Military seeks private sector help to build cyber warfare capability

The military is seeking help from the private sector to build offensive and defensive capabilities for cyber warfare.

The military is seeking help from the private sector to build offensive and defensive capabilities for cyber warfare.

The initiative signifies how nascent strategic cyber warfare centres on both sides of the Atlantic have come to the conclusion that they would be powerless to protect the national infrastructure in the event of a concerted cyber attack from an enemy state.

Brigadier General Charles Shugg, deputy commander of the 24th Air Force, a cyber war command centre established under the US Space Command in July 2009, told a military internet conference yesterday, "We have come to realise that the private sector is leading the way in the cyber domain. We have got to a point where we feel we should bring them into our planning and, as much as we can, into our organisations."

Traditional procurement processes were too slow for cyber war timescales, he said. "That would take years. We cannot accept that. We have got to be within days and hours of changing things over, and the only way to do that is to work with industry partners," he told military, intelligence and computer security leaders at the Cyber Warfare 2010 Conference in London.

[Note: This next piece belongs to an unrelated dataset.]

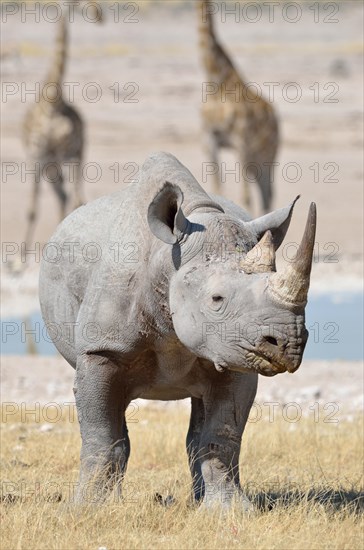 Black Rhinoceros (Diceros bicornis)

Shugg said the 24th Air Force had started talking to industry and had been "getting an idea of where we need to be" and one of those places, he said, was "cognitive computing".

The military's desire to co-opt civilian resources in its cyber operations is based on the assumption that the internet infrastructure, which it is protects for the sake of national security, is an immeasurably complex network of almost entirely civilian technology and actors. The military describes it as the Achilles' heel of national security.

Civilian preparedness is therefore thought vital; and the pervasiveness of the internet and the impossibility to protect it with traditional perimeter defences is thought to have brought the theatre of war into everyone's data centres.

Air Commodore Graham Wright, deputy director of the UK's strategic cyber security centre, the Office of Cyber Security (OCS), told the conference that the OCS had been establishing partnerships with industry since it was established two months ago.